If you need to use php5.4 or php5.5, you must install the v1.* branch

composer require lordelph/icofileloader:1.*

Usage

The IcoFileService class provides a one-shot method extractIcon. This should suit most use-cases where you simply want to get one image out of a .ico file.

It returns an image resource, which you can further manipulate with GD functions, e.g. save it to a file with imagepng

For example, here's how you extract a 32x32 transparent image from an ico file:

$loader = new Elphin\IcoFileLoader\IcoFileService;
$im = $loader->extractIcon('/path/to/icon.ico', 32, 32);

//$im is a GD image resource, so we could, for example, save this as a PNG
imagepng($im, '/path/to/output.png');

Render with background color

Instead of retaining the alpha channel from the icon, you can render with a background color instead - pass the required color as a renderer option as follows:

$im = $loader->extractIcon('/path/to/icon.ico', 32, 32, ['background'=>'#FFFFFF']);

Extract icon at any size

The extractIcon method will try find an image in the icon which is the exact size you request at highest color depth it can find. If it can't, it will resize the best quality image in the icon.

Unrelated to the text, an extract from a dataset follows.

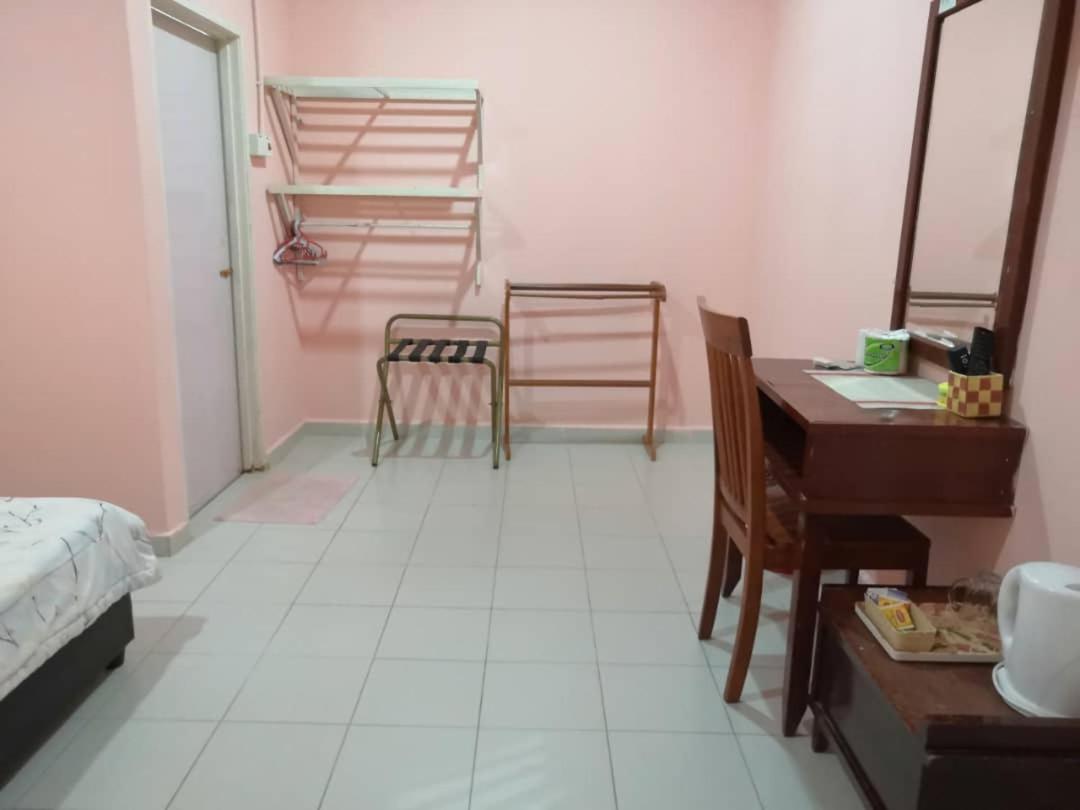 Huda Inn Pantai Cenang  Bagian luar foto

So, you can request any size you require...

$im = $loader->extractIcon('/path/to/icon.ico', 100, 100);

Extract icon from a URL

As long you have the PHP fopen wrappers installed, you can pass a URL to extractIcon

$im = $loader->extractIcon('https://assets-cdn.github.com/favicon.ico', 16, 16);

Extract icon from binary data

If you already have an ico file held as a binary string, extractIcon will cope with that just fine too:

$data = file_get_contents('/path/to/icon.ico');
$im = $loader->extractIcon($data, 16, 16);

Lower level methods

If you want to do more than just extract a single image from an icon, you can use lower level methods of IcoFileService to inspect an .ico file and perform multiple renderings.

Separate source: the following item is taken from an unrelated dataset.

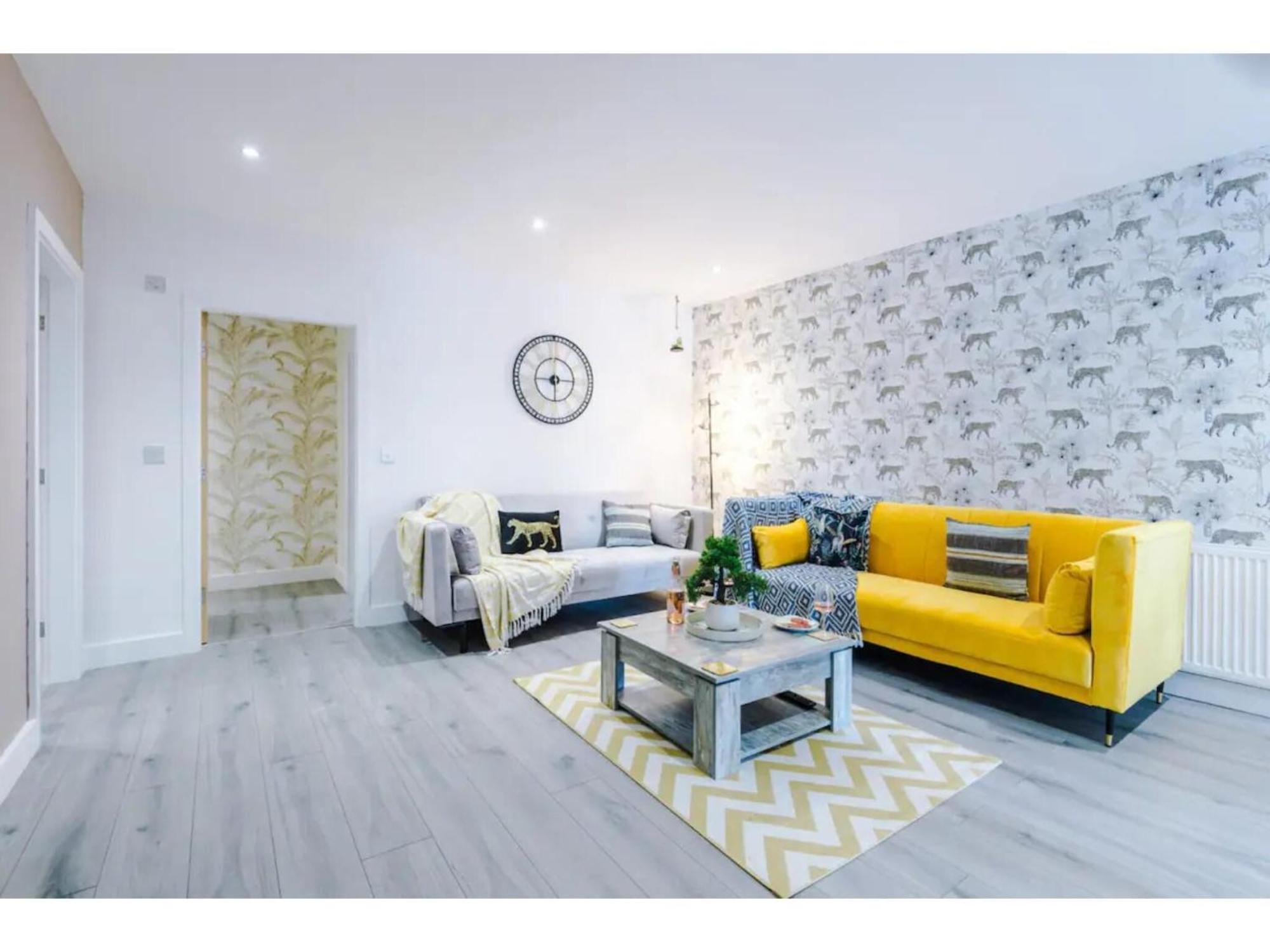The Ecclesian Deluxe Apartments Near Trafford Centre Eccles Train Station Manchester Ngoại thất bức ảnh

The fromFile, fromString and from methods will parse an ico file and return an Icon instance representing an icon and the images it contains.

You can iterate the images in icon, examine them, and render them with renderImage

For example, here's how you could extract all the images in an icon and save them as individual files.

$icon = $loader->fromFile('/path/to/icon.ico');
foreach ($icon as $idx => $image) {
     $im=$loader->renderImage($image);
     
     $filename=sprintf('img%d-%dx%d.png', $idx, $image->width, $image->height);
     imagepng($im, $filename);
     
     printf("rendered %s as %s\n", $image->getDescription(), $filename);
}

Internals

The service is composed of a parser and a renderer, which can be injected into the service at runtime if you wanted to override them.

The current GdRenderer works by drawing individual pixels for BMP based icon images. This isn't going to be terribly fast. PHP 7.2 will have support for BMP images, and I'll add a renderer which takes advantage of that when it is released.

Testing

$ composer test

Contributing

Please see CONTRIBUTING for details.

Credits

Thanks also to the PHP League's skeleton project from which this project's structure was derived.

License

The MIT License (MIT). Please see License File for more information.

Note: this was based on some classes originally written in 2005 by Diogo Resende. While these were originally provided on the PHPClasses site under a GPL license, Diogo kindly agreed to allow them to be licensed under an MIT license.